The Iraq War Was a Colossal Aberration

Some people must have had trouble sleeping these last few nights. Among American and British soldiers, Iraqi politicians and mercenaries fighting in Baghdad, there were many who knew that the airing of this much dirty laundry would be devastating. The official disclaimers are pointless: The mountain of documents published by the informational website WikiLeaks is as embarrassing as it is extensive. It’s not as though the Iraq War saw a few regrettable blunders — such as the detentions at Abu Ghraib — before ending in fanfare with an allied victory. It has been, from start to finish, an absurdity of immense proportions.

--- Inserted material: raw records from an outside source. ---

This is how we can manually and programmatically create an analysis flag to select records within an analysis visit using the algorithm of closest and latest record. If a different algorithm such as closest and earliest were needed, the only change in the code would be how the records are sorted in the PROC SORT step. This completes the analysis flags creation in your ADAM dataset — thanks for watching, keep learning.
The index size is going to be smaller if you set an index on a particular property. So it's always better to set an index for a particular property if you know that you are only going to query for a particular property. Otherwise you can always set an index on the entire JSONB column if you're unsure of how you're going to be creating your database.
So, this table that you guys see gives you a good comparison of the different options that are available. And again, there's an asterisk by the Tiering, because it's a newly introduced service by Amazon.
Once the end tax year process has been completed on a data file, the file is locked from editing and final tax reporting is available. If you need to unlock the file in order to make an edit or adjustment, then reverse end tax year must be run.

Iraqi civilians killed by the tens of thousands; a privatization of war that has become an additional threat to the population; scenes of torture and executions led by Iraqi authorities and covered up, at least passively, by Americans. Then there’s the looting, the kidnappings, the acts of ethnic cleansing and the cascade of vicious murders. And finally, the bloody outbreak of forces supporting al-Qaida, those very same forces that the Americans had supposedly come to fight but who didn’t exist until their arrival, save in the fabrications and lies of warmongers.

This exposure is enough to give more or less inexhaustible ammunition to those who believe that the outcome of this war was decided too hastily.

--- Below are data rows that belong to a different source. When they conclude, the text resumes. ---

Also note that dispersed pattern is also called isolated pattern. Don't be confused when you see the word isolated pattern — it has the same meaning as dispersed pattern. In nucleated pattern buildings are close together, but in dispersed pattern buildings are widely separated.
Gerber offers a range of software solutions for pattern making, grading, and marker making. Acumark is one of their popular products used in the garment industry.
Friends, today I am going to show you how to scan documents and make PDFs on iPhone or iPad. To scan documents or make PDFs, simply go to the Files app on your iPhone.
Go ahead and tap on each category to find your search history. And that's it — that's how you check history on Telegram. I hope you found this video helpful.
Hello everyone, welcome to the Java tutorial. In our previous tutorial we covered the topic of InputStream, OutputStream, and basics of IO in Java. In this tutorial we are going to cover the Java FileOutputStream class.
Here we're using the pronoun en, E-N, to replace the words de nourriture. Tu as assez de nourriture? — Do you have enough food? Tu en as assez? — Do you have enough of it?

Who is to be held accountable? Already this weekend, pressure was placed on the Obama administration not to turn its back once again on these reprehensible acts, in which the government was complicit through its own inaction.

What lessons should be learned? In future wars, the military cannot, and must not, hide behind a supposed lack of information in order to avoid detailing, in real time, the consequences of its actions. And most importantly, there is another lesson that sounds as a dire warning: Victory in Iraq was not acquired through military strategy, but by widespread debilitation, by too many blood baths, by rubbing elbows with hell. A lesson, perhaps, to be considered in Afghanistan.